BRINDISI - Anche la nuova pagina TikTok «Pentiti brindisini» è stata oscurata dalla polizia postale. Da ieri mattina non è più visibile. La Dda aveva oscurato la prima pagina ma era riapparsa ex novo dopo poche ore. La pagina mirava a mettere alla gogna i collaboratori di giustizia brindisini, con foto, nomi e cognomi di alcuni di loro. Nei giorni scorsi sulla pagina erano stati pubblicati anche gli stralci di alcuni verbali, con offese e incitazioni alla violenza contro i collaboratori di giustizia e i loro familiari. A fare da sottofondo alle foto c'erano brani neomelodici. La pagina aveva raggiunto circa 1.600 follower, ottenendo 2.500 «mi piace». Poi, su richiesta della Direzione distrettuale antimafia, era stata rimossa ma poche ore dopo si poteva trovare online una nuova pagina dello stesso tenore, arricchita di nuovi contenuti.

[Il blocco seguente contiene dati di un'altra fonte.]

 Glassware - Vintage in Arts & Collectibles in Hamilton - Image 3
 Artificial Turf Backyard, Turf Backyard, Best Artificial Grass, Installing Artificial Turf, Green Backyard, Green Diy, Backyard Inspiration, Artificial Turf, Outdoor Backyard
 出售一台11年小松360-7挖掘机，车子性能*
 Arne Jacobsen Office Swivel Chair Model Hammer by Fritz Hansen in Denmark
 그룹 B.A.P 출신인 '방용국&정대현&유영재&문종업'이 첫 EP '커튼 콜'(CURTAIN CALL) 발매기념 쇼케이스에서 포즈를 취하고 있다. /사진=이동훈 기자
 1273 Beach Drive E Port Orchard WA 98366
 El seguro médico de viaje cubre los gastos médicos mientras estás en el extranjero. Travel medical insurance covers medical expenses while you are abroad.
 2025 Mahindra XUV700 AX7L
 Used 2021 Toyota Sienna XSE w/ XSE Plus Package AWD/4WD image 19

Sulla vicenda è intervenuta anche Libera Puglia: «La notizia di un profilo social anonimo contro collaboratori di giustizia della Sacra corona unita e presunti confidenti, con una cinquantina di video e foto dei primi collaboratori fino a quelli attuali, oltre che stralci dei verbali di collaborazione - afferma l’associazione antimafia - è un ulteriore segnale della rinnovata presenza e pericolosità della Sacra corona unita nella provincia di Brindisi e, più in generale, delle mafie nel sud della Puglia. Dopo alcuni omicidi e sparatorie, dopo le diverse minacce e intimidazioni, persino all’indirizzo di esponenti della magistratura e delle forze dell’ordine, una notizia simile è un’ulteriore dimostrazione di quanto la Scu sia attiva anche sui canali di comunicazione social e di come li utilizzi sempre più per diffondere violenza, omertà e prepotenza».
La gip del tribunale di Lecce Maria Francesca Mariano e la pm antimafia Carmen Ruggiero, sotto scorta da circa un anno dopo aver firmato gli atti dell’inchiesta «The Wolf» contro la Sacra corona unita, hanno ricevuto per mesi lettere intimidatorie con minacce di morte e sono state vittime di tentativi di aggressione durante gli interrogatori. Davanti all’ingresso di casa della gip Mariano fu lasciata una testa di capretto insanguinata e infilzata con un coltello da macellaio, accompagnata da un biglietto su cui era scritto «Così».
Il deputato della Lega Davide Bellomo, componente della commissione Giustizia, trova «inconcepibile che le mafie pugliesi continuino a usare pagine social per veicolare minacce violente e messaggi volgari contro chi, con coraggio e determinazione, ha scelto di pentirsi e di avviare un nuovo percorso di vita all’insegna della legalità. Questi fatti rappresentano un segnale di grave allarme sociale e necessitano di una risposta pronta, dura ed efficace da parte dello Stato». Anche alla luce della «pubblicazione di stralci di verbali di collaborazione che dimostrano chiare connivenze e diventano una vera e propria sfida alle istituzioni da parte di chi è convinto, evidentemente, di godere di protezioni e impunità. La lotta alle mafie non può consentire alcuna falla. Anche per non vanificare il lavoro prezioso di magistrati impegnati in prima linea e di forze dell’ordine che in maniera capillare sono al fianco degli imprenditori e dei cittadini onesti. Il consenso alle mafie, che arriva da una parte per fortuna minoritaria del territorio, è una forma di autolesionismo. Non possiamo consentire che si allarghi in maniera distorta e fuorviante attraverso i moderni mezzi di comunicazione». Bellomo conclude augurandosi che «l’indagine in corso su quanto accaduto individui presto chi c’è dietro questi profili, chi ha commentato favorevolmente queste vergogne mediatiche e se ci sono precise ipotesi di reato aggravate dal metodo mafioso».